Turgay Karali hat gewusst, worauf er sich bei seiner Rückkehr einlässt. Er hat es trotzdem gemacht, er hängt wohl zu sehr an diesem Verein, als dass er tatenlos zusehen kann, wie alles drohte den Bach herunterzugehen. „Die Jungs, die da sind“, sagt er, „die sind in Ordnung. Da arbeite ich lieber mit ihnen zusammen als mit lauter selbst ernannten Stars.“
Die, zum Teil für teures Geld geholt, lassen sich seit Wochen nicht mehr blicken. „Sie sind untergetaucht“, sagt Karali über Torjäger Akin Bölük, Christoph Pfahler und Edisan Berisha. Anrufe des Trainers blieben unbeantwortet, SMS ebenso.
Auch Rebel hat den Dreien auf die Mailbox gesprochen, „zwei-, dreimal. Dann war mir das zu kindisch“. Nach dem Testspiel gegen den TSV Buch, bei dem Pfahler und Berisha mitspielten und Bölük Runden um den Sportplatz drehte, sei der Kontakt abgerissen. „Es kam noch eine SMS, in der sich alle krank gemeldet haben.“ Bölük zum Beispiel, berichtet Rebel, habe allen Ernstes behauptet, er leide unter einem Bienenstich. Rebel findet es „schade“, sieht es aber offenbar auch als persönliche Beleidigung: „Die Verträge, die noch zwei Jahre laufen, haben die schön bei uns abzusitzen.“
Das mag die Spieler ärgern, nicht aber Dergahspor voranbringen. „Die drei bringen unsere Planungen durcheinander“, sagt Turgay Karali.

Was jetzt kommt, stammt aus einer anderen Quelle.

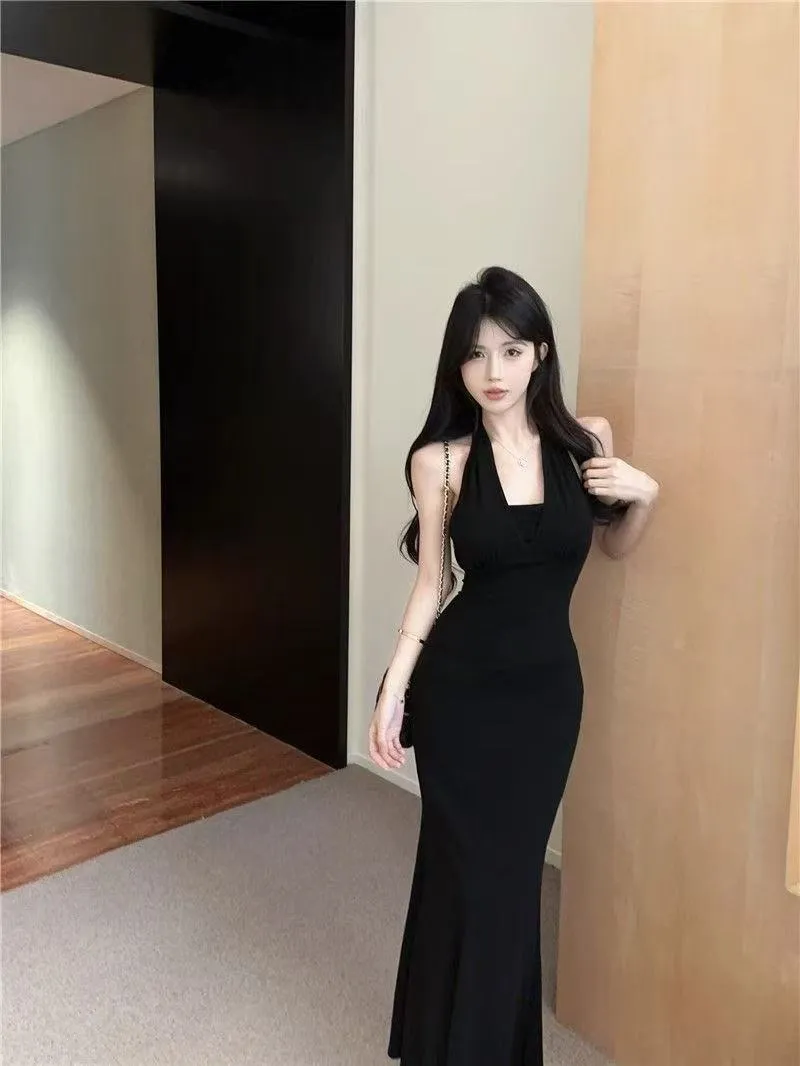 Elegant Burgundy Backless Maxi Dress for Women - Slim Fit, Bodycon, Summer Fashion, Sleeveless Evening Gown showcase 15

Beim Samstagsspiel gegen Quelle Fürth standen ihm nur zwölf Mann zur Verfügung, aus der Reserve und der Jugend möchte er niemanden hochziehen — „die spielen ja in der untersten Klasse.“ 1:4 unterlag Dergahspor, das gut begonnen hatte. Doch nach der Führung von Tolga Özkan (20.) passierten haarsträubende Fehler in der Abwehr, die die aggressiveren Fürther eiskalt ausnutzten. Nach 36 Minuten stand es 1:2, nach 75 1:4. Das war der Moment, in dem Karali seinen Jungs zurief, ihre Kräfte zu sparen. „Was soll ich machen? Wir haben schließlich am Mittwoch ein Spiel.“
Um das Problem zu lösen, schickt der Trainer jetzt Dieter Rebel noch einmal zum Einkaufen, der shoppt ja, das weiß man aus seiner Zeit bei 73 Süd, leidenschaftlich gerne. Drei Spieler hat er auf dem Einkaufszettel, „einen Stürmer, einen Außenspieler und einen Spielmacher“.

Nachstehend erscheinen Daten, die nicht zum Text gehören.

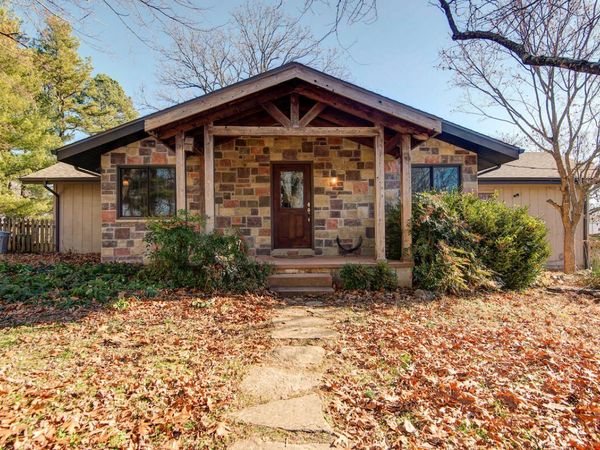 1044 Andrews Road, Sparta, MO 65753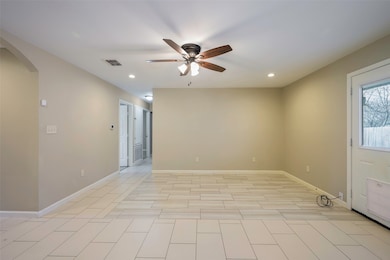 1240 Carla St, Denison, TX 75020 - photo 3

Die Mannschaft ist mit Turgay Karali längst in die Kabine verschwunden, als Dieter Rebel noch immer im Schatten spricht. Er erzählt von Quelle-Trainer Thomas Adler, der unter ihm schon in der Bundeswehr-Auswahl gespielt hätte, oder dem Türkisch-Deutschen Sommerfest, das Rebel für Dergahspor organisiert hatte, „ein Riesenandrang, die Polizei hat zeitweise sogar die Tore schließen müssen“.
Ob er denn schon jemanden wisse, der so plötzlich bereit ist, zu Dergah zu wechseln und obendrein eine Verstärkung wäre? „Moment“, sagt Rebel und nestelt den Spielberichtsbogen aus seiner Hosentasche. Er fährt mit dem Zeigefinger über die Aufstellung der Gästespieler: „Der Neuner, der Sechzehner, der Siebener und der Zehner“, sagt er. Die wolle er jetzt mal ansprechen.